[RECORDS SHOWN — start]

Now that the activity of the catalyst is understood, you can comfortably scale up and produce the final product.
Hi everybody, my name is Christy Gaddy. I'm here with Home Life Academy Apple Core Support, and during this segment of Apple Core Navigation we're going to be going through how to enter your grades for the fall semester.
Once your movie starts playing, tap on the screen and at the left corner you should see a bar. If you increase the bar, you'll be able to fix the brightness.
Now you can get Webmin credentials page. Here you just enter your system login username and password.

[RECORDS SHOWN — finish]
[RECORDS SHOWN — start]

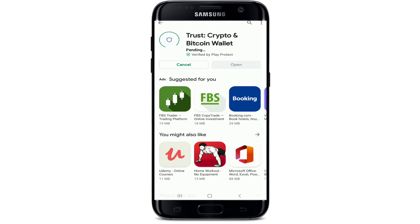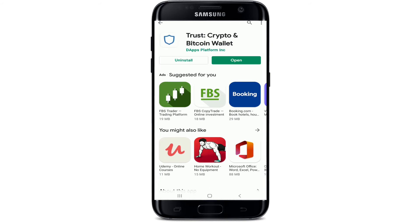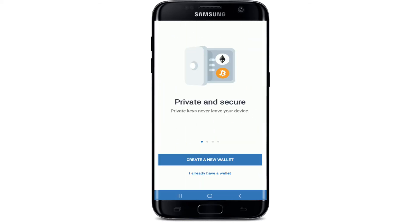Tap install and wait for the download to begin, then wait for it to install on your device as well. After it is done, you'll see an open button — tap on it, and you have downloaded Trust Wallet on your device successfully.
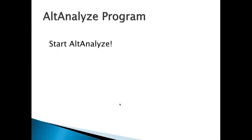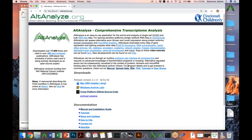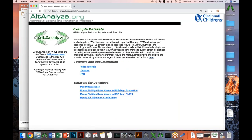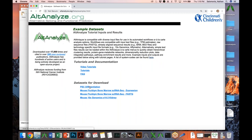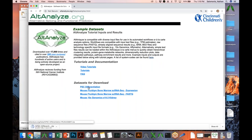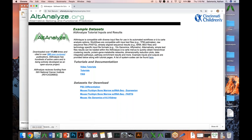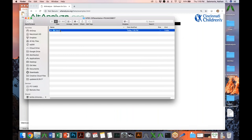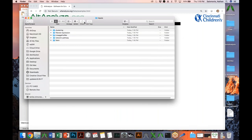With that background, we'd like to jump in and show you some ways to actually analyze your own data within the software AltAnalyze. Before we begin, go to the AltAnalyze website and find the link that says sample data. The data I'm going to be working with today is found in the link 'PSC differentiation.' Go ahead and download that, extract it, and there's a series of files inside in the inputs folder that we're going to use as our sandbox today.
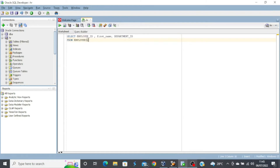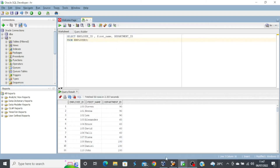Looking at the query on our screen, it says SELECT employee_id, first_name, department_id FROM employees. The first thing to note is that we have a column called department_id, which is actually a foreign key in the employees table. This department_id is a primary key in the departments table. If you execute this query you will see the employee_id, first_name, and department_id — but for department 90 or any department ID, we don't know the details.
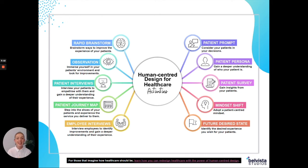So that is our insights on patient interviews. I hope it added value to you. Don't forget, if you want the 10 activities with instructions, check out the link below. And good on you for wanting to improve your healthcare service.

[RECORDS SHOWN — finish]
[RECORDS SHOWN — start]

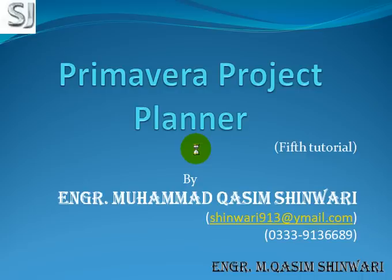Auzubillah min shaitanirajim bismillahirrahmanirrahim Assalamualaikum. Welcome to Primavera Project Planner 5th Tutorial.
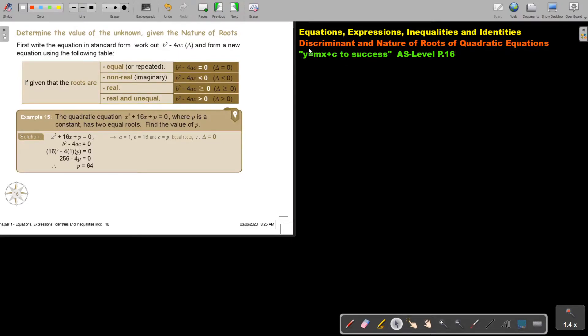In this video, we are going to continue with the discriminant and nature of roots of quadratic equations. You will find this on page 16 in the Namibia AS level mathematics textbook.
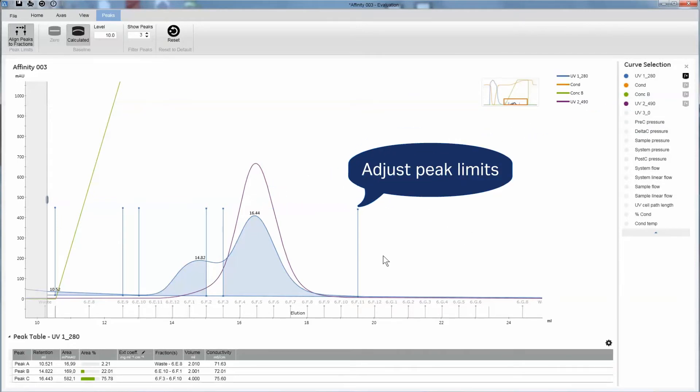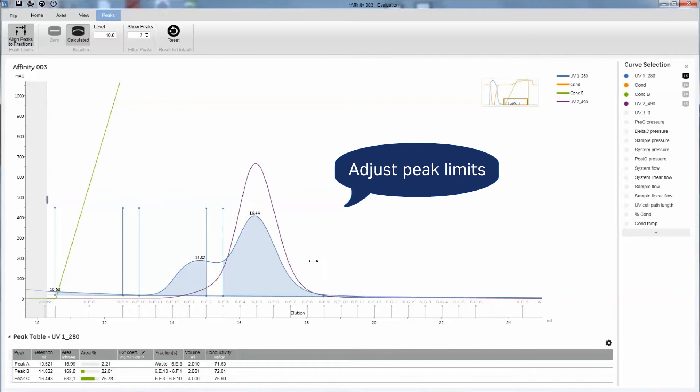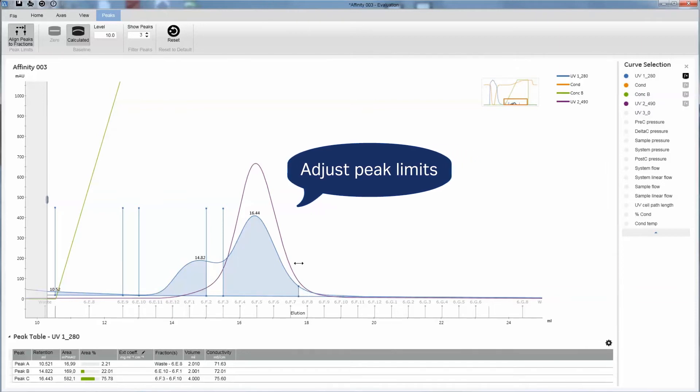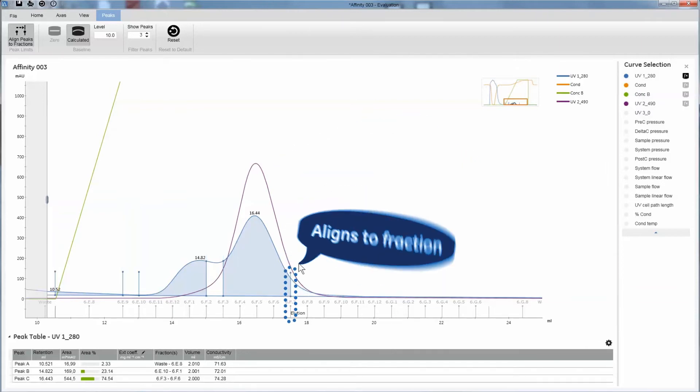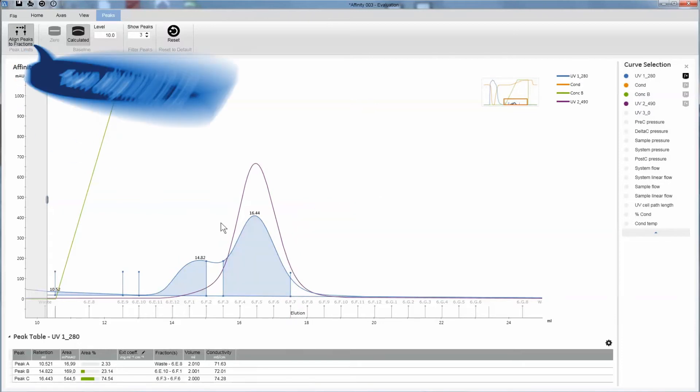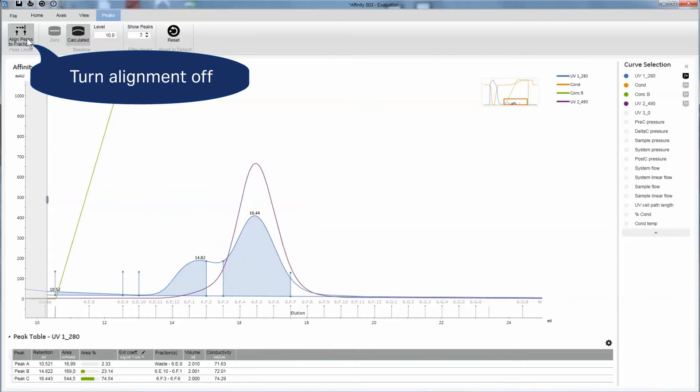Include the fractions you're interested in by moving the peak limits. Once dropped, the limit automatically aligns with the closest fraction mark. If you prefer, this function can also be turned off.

[RECORDS SHOWN — finish]

THE TASK
Your output should be the lines above from the one that contains "In this video, we" through the one that contains "Include the fractions", word for word, with pictures left out.

ANSWER SECTION
In this video, we are going to continue with the discriminant and nature of roots of quadratic equations. You will find this on page 16 in the Namibia AS level mathematics textbook.
Include the fractions you're interested in by moving the peak limits. Once dropped, the limit automatically aligns with the closest fraction mark. If you prefer, this function can also be turned off.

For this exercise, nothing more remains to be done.